Search code examples
pythondask

calculating many dask delayed objects together; message as soon as each is finished?


I have a number of dask delayed objects that I am computing together, resulting in files being written to disk, such as in this toy example:

import xarray as xr
import dask.array as da

objs = []
for i in range(10):
    ds = xr.Dataset({"x": (("a",), da.arange(10)*i)})
    objs.append(ds.to_netcdf(f"/tmp/test{i:d}.nc", compute=False))
da.compute(objs)

Is there a way to execute some arbitrary code for each individual delayed object, as soon as computation has completed successfully?

Motivation: in our real case, we are producing in the order of 100 files that may take between 10 seconds and 8 minutes to produce. We would like to ship each file to the user as soon as possible. Alternatives we considered:

  • We could use inotify to monitor the directory for IN_CLOSE_WRITE events. This is not ideal, because it can't tell if writing was successful or not, so we would need another step to check if the file appears correct.
  • We could wait until da.compute is complete and then ship all files. This is our current approach, but it is not ideal, because then we are waiting for the 8-minute-product to complete before shipping all products at once, leading to a needless wait and a jam in the network and the client application.
  • Ideally, dask would send a message or execute a piece of code for each completed task, so that we can ship each file to the user as soon as it is completed.

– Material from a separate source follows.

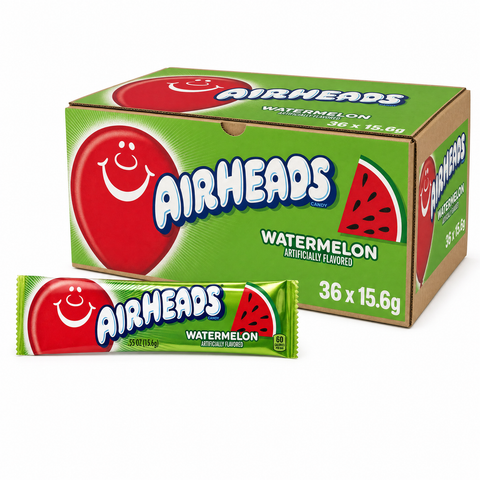 Airheads Watermelon 15.6g Box packaging with single taffy bar, featuring bright, fun design.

Is there a way to achieve this?

Maybe we could wrap everything in a dask.delayed function that has the to_netcdf call and the callback? But considering my poor understanding of dask, I'm not sure what repercussions that might have.


Solution

  • The simple way to do this is to have a second delayed function which depends on the output of the to_netcdf objects

    @dask.delayed
    def on_done(result):
        notify(from(result)
    
    objs2 = [on_done(_) for _ in objs]
    dask.compute(objs2)
    

    The result will be whatever type to_netcdf returns - hopefully the filename created.